Daily Telegraph Cryptic No 29324

Hints and tips by pommers

+ – + – + – + – + – + – + – +

BD Rating – Difficulty **Enjoyment ***

Hola from the still locked down Vega Baja. It’s not been too bad so far because the weather has been cold and wet for the last three weeks so one doesn’t really feel like going out.  A trip to the local bar would be nice though.

Today’s crossword was all set to be a one star difficulty when I got all but three of the acrosses on first pass but there’s a couple near the bottom that held out for a while so I’ve gone for two stars.  I count seven clues involving anagrams so I know some of you will be pleased.  Two of them are fourteen letters so you get a lot of checkers.

As usual the ones I liked most are in blue.  The definitions are underlined in the clues and the answers are under the “click here” buttons so don’t click on them unless you really want to see the answer.  Please leave a comment telling us what you thought.

Across

7a           Youth perhaps, brewed green tea (8)
TEENAGER:  Anagram (brewed) of GREEN TEA.  I’m sure I’ve seen this more than once before.

9a           Language from American artist and writer (6)
ARABIC:  Start with A(merican) and follow with the usual two letter artist and finally a brand of ball-point pen.

10a         This helps one to see wine son overlooked (6)
RETINA:  It’s a Greek wine but without the S (S(on) overlooked).  This stuff’s a bit like wine but not as nice!

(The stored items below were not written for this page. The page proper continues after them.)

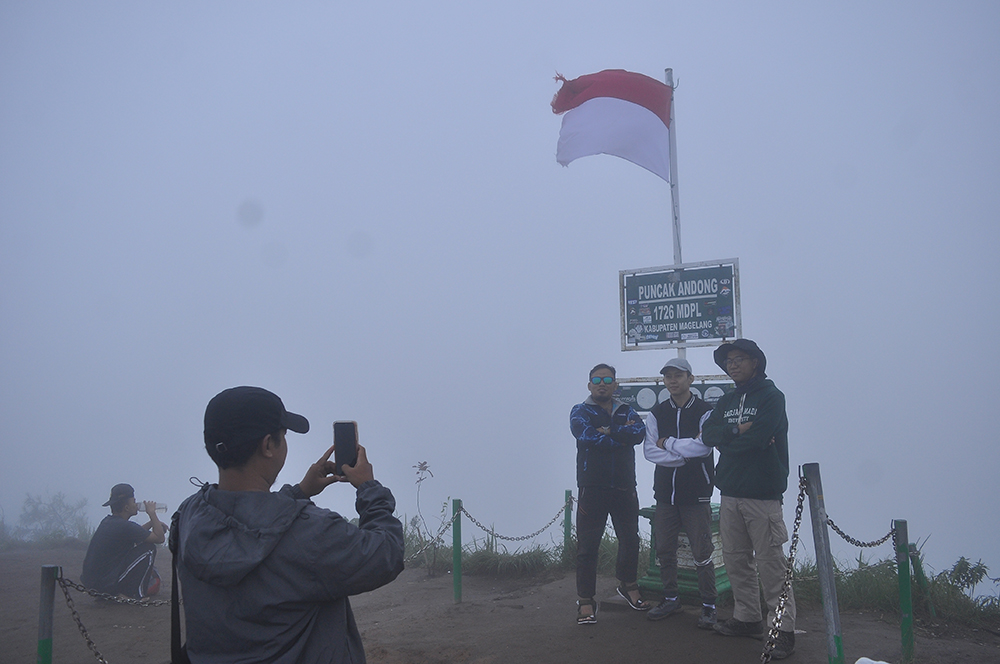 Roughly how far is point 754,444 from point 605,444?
4.58ft

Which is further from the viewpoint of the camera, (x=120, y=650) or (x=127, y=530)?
(x=127, y=530)

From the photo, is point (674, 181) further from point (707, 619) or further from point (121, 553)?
point (121, 553)

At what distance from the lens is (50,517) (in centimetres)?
1339

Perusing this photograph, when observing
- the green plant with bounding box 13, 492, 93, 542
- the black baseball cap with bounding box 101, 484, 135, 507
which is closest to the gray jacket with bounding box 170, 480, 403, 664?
the black baseball cap with bounding box 101, 484, 135, 507

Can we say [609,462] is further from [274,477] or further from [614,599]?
[274,477]

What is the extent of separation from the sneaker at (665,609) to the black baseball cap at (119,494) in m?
5.82

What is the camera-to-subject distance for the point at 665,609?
5.91m

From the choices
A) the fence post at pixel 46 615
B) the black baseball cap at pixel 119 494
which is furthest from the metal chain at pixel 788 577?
the black baseball cap at pixel 119 494

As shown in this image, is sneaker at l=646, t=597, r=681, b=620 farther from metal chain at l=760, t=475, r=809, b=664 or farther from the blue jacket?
metal chain at l=760, t=475, r=809, b=664

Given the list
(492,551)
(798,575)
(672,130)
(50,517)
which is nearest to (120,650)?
(492,551)

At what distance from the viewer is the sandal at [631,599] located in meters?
6.18

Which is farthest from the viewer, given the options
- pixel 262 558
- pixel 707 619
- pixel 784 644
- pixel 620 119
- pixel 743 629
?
pixel 620 119

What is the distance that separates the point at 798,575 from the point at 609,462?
2.68 meters

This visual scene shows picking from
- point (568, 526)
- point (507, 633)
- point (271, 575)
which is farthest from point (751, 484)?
point (568, 526) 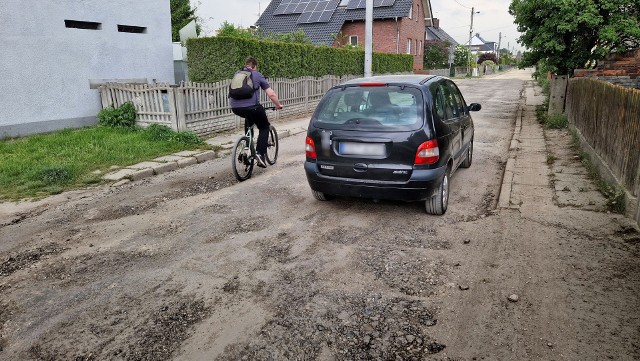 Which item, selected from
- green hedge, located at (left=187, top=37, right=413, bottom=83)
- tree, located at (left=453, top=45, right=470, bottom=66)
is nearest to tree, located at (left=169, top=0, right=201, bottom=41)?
green hedge, located at (left=187, top=37, right=413, bottom=83)

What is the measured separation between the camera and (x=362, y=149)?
509cm

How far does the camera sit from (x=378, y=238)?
4727 mm

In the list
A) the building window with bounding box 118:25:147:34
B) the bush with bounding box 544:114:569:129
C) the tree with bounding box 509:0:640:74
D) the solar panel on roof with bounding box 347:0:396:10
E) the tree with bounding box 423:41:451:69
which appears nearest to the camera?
the tree with bounding box 509:0:640:74

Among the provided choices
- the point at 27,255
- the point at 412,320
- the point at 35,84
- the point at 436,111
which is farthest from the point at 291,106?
the point at 412,320

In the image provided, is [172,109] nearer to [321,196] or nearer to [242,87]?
[242,87]

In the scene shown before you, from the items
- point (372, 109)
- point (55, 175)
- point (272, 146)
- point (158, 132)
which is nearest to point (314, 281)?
point (372, 109)

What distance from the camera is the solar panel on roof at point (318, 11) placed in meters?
33.5

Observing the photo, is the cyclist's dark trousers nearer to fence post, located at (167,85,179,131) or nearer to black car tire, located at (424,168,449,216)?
black car tire, located at (424,168,449,216)

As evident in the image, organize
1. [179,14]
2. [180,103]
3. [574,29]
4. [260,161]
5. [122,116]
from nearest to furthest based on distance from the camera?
[260,161], [180,103], [122,116], [574,29], [179,14]

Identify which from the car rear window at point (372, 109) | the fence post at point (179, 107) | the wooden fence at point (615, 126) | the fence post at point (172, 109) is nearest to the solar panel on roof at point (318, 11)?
the fence post at point (179, 107)

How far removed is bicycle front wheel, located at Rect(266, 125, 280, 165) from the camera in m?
8.24

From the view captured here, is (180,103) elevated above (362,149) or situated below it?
above

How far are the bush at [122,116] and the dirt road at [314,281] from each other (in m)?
4.95

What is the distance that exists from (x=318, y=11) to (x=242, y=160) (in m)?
29.6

11a         Singer, elderly, confused about love (8)
YODELLER:  Anagram (confused) of ELDERLY placed around (about) an O (love in tennis).  Does this really count as singing?

12a         Parisian district needs rainstorm desperately? (14)
ARRONDISSEMENT:  Anagram (desperately) of NEEDS RAINSTORM.

15a         Old rogue beheaded in part of church (4)
NAVE:  A dated word for a rogue without its first letter (beheaded).

17a         Musical: Welsh boy mostly taking it in (5)
EVITA:  Take a Welsh boys name without its last letter (mostly) and insert the IT from the clue (taking IT in).  An excuse for my favourite version of this song.

19a         Very small part of coast in Yorkshire (4)
TINY:  A lurker hidden in the last three words.

20a         Prince happiest flying in training period (14)
APPRENTICESHIP:  Anagram (flying) of PRINCE HAPPIEST.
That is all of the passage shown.